» GIVEN INFORMATION
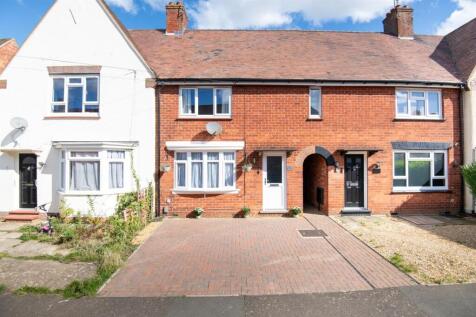 Click to visit Rightmove listing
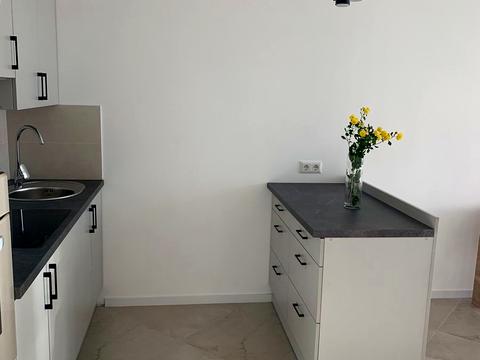 квартира по адресу Олександра Олеся ул., 10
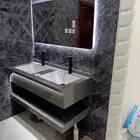 معلم سباك فني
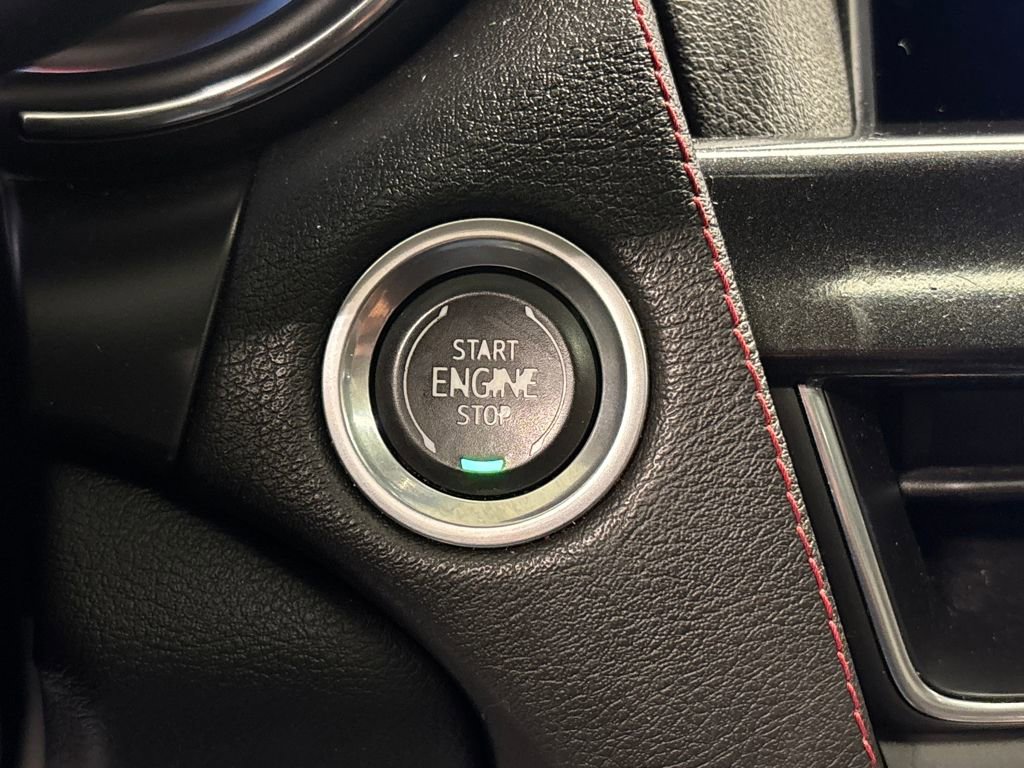 Used 2021 Cadillac CT5 V w/ Premium Package image 47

» YOUR OBJECTIVE
With pictures excluded, restate word for word the lines from the one that contains "معلم سباك فني" through the end of the material, inclusive, and nothing more.

» ANSWER
 معلم سباك فني
 Used 2021 Cadillac CT5 V w/ Premium Package image 47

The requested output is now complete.